Of course, they're not really Satanists in the Hammer House of Horror sense; there's not a blood sacrifice in sight. (You suspect actual Satanists would be reluctant to let a camera crew in on their daily activity, defending their darkness against the lights.) In spirit and deeds, Greaves's lot are closer to media-savvy performance artists like the Yippies, seizing on Satanic imagery and rhetoric to juice up what used to be called actions or happenings. Lane films a number of these: there is nudity, as there always was, and pigs' heads, and a sense of ritual being done on an art student's budget. What's new is the theme: that it is as absurd to align yourself uncritically with the Devil in 2019 as it would be to align yourself with God. Here, Lane floats the idea there might be successive waves of Satanists, much as there have been successive waves of feminism, each involved in knotty discussion with their predecessors. The Temple has clearly learnt a lot from the moral panic that surrounded Satanism as it was in the 1980s, and resolved not to be backwards about coming forwards. Nowadays, as Greaves proposes, Satanism is largely performative: Lane duly catches this troupe shopping for robes, rehearsing their gestures, sweeping up after themselves. Though some hide behind pixellation or horned masks, the talking heads have the well-drilled air of spokespeople for Internet start-ups. (These are the first Satanists with a social-media presence: on Twitter alone, Greaves can claim 24K followers, more than Anton LaVey or Aleister Crowley had in their lifetimes.) Their rituals are a strange mix of social activism - confronting the Catholic Church over allegations of historical sex abuse one day, outshouting anti-abortionists the next - and constitutional cosplay.

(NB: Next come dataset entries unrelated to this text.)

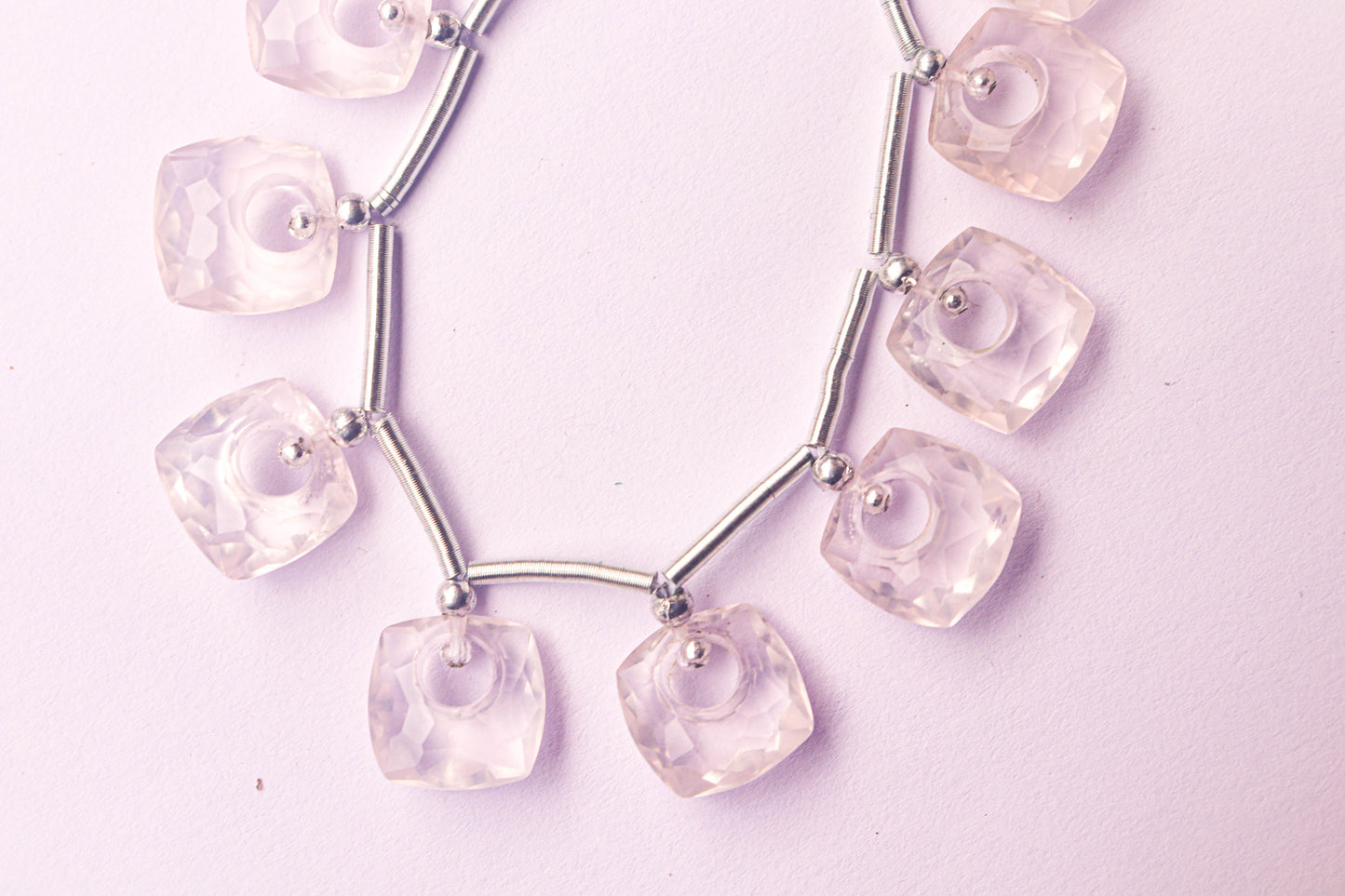 Rose Quartz Fancy Cushion Shape Hoop Beadsforyourjewelry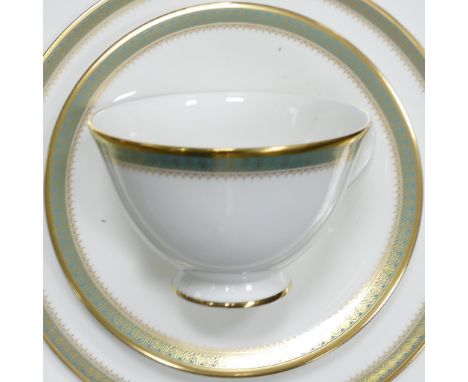Royal Doulton, Clarendon pattern tea and dinner ware including lidded tureens, tea pot, tea trios, coffee cans and saucers, o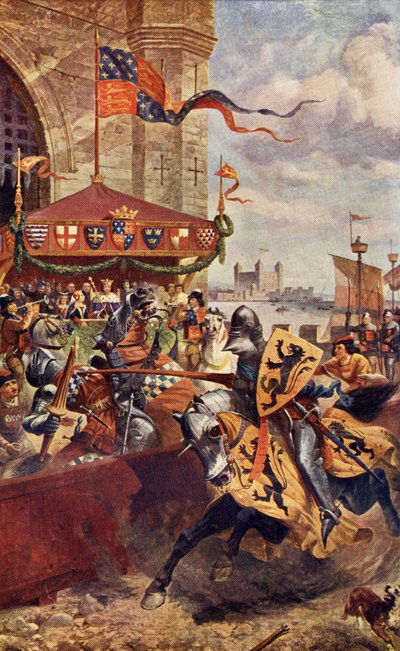 Joute solennelle sur le pont de Londres entre David de Lyndsays et Lord John de Welles en 1390, illustration de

To some extent, Lane is preaching to the converted: she knows full well that Hail Satan? isn't ever going to play on the Fox network. That much is evident from the film's wry tone, reminiscent of early Louis Theroux/Michael Moore ventures, which knocks a snort or a chuckle out of you simply by confirming your biases. Asked about the Black Mass, one devotee shrugs "it's kinda vulgar... but then an actual mass is kinda vulgar, if you think about it"; the dramatic throughline concerns the Temple's efforts to crowdfund a statue of the bat-demon Baphomet to cancel out a stone scroll of the Ten Commandments being erected outside a state building in Arkansas. Lane can't resist approaching much of this as an eyerolling, only-in-America joke, artlessly tossing some of her material up in the air like a documentary equivalent of the shrug-with-raised-hands emoji. Yet when she looks beyond the stunts to hone in on the personalities involved, Hail Satan? takes on a more touching aspect. Although they tend to dress in one shade exclusively - black, pitch black - those who take up the Satanist garb arrive in many colours: brown, tattooed, trans, nerdy. One acolyte, sporting an unlikely brushcut and bow tie combo, appears to have transferred in on a Bosman from the Jehovah's Witnesses. What Lane shows us is a truly multicultural band of outsiders, made up of those who would have most to lose in any sustained push towards a white Christian monoculture. If you can get past the forked tongue-in-cheek business, Hail Satan? holds some value as a resistance story, illustrating the devilish organisation that may now be crucial to any serious bid to overturn the status quo. Deplorable as it might sound, perhaps we are all Satanists now.
Hail Satan? is now playing in selected cinemas, and streaming via Curzon Home Cinema and the BFI.